To do -> Transcribe all of the data exactly. Images stay out.

Supplied material ->
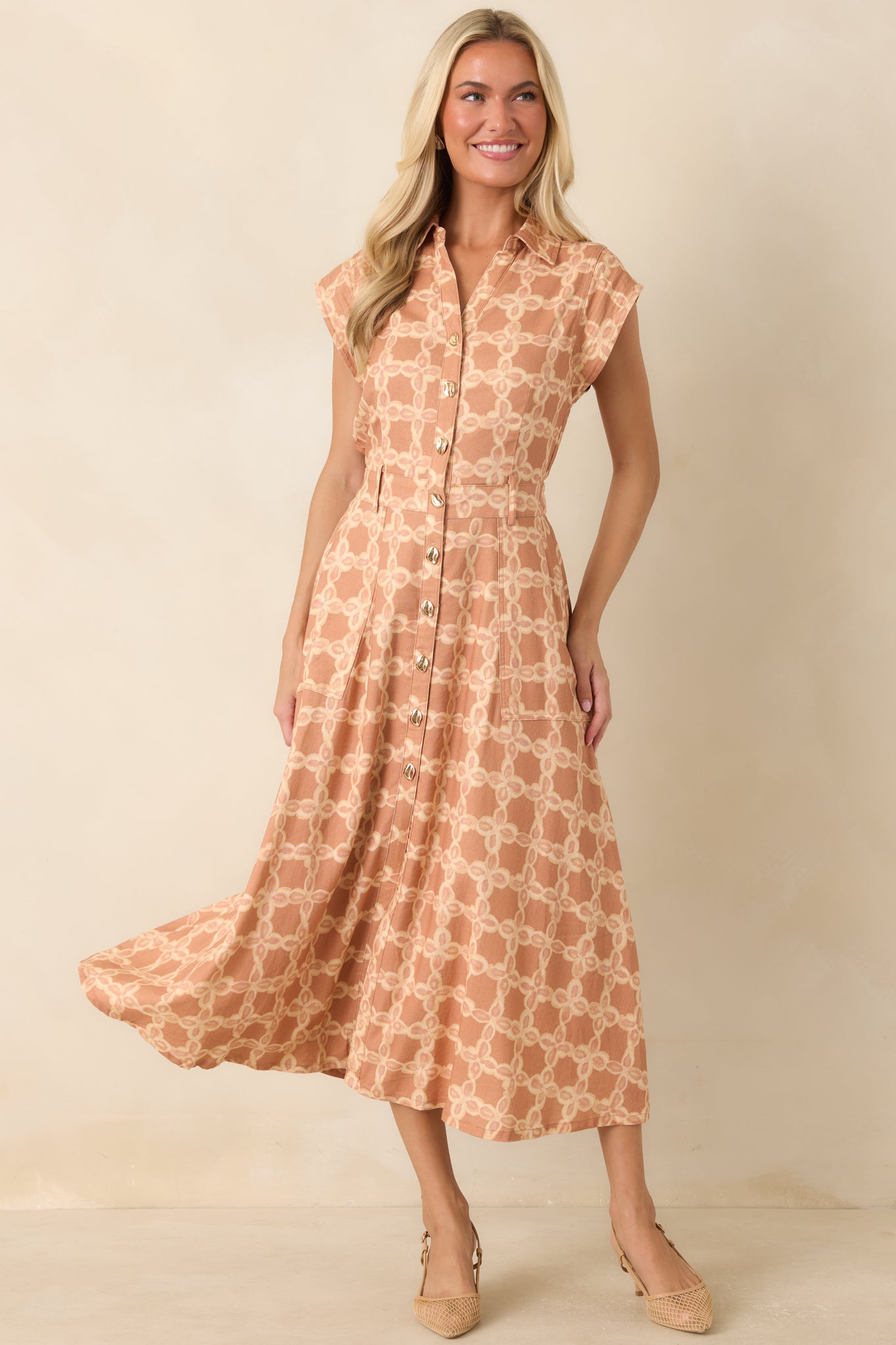 Classic button-front midi dress with a collared neckline, practical side pockets, and a polished everyday design.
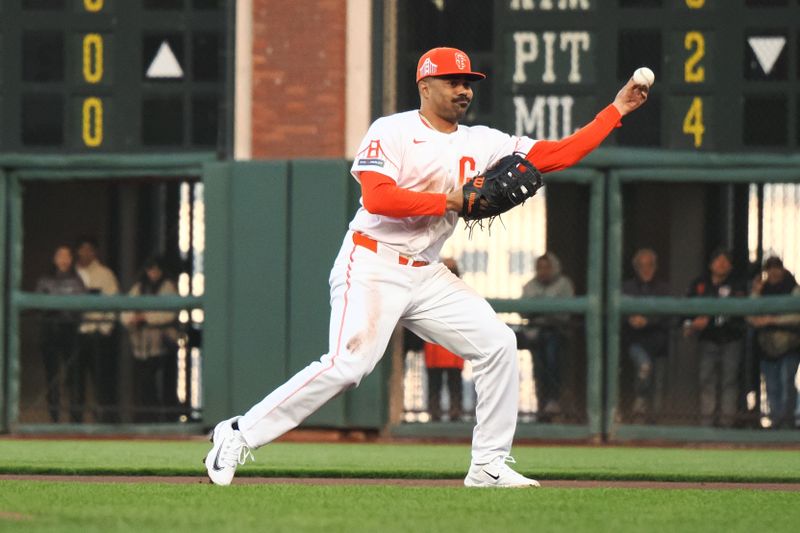 May 14, 2024; San Francisco, California, USA; San Francisco Giants first baseman LaMonte Wade Jr. (31) throws the ball to first base against the Los Angeles Dodgers during the second inning at Oracle Park. Mandatory Credit: Kelley L Cox-USA TODAY Sports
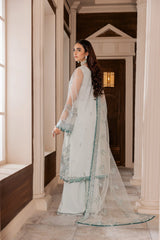 Woman in elegant light blue embroidered formal suit at LA ELISE, standing in a classic hallway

Result for this task ->
 Classic button-front midi dress with a collared neckline, practical side pockets, and a polished everyday design.
 May 14, 2024; San Francisco, California, USA; San Francisco Giants first baseman LaMonte Wade Jr. (31) throws the ball to first base against the Los Angeles Dodgers during the second inning at Oracle Park. Mandatory Credit: Kelley L Cox-USA TODAY Sports
 Woman in elegant light blue embroidered formal suit at LA ELISE, standing in a classic hallway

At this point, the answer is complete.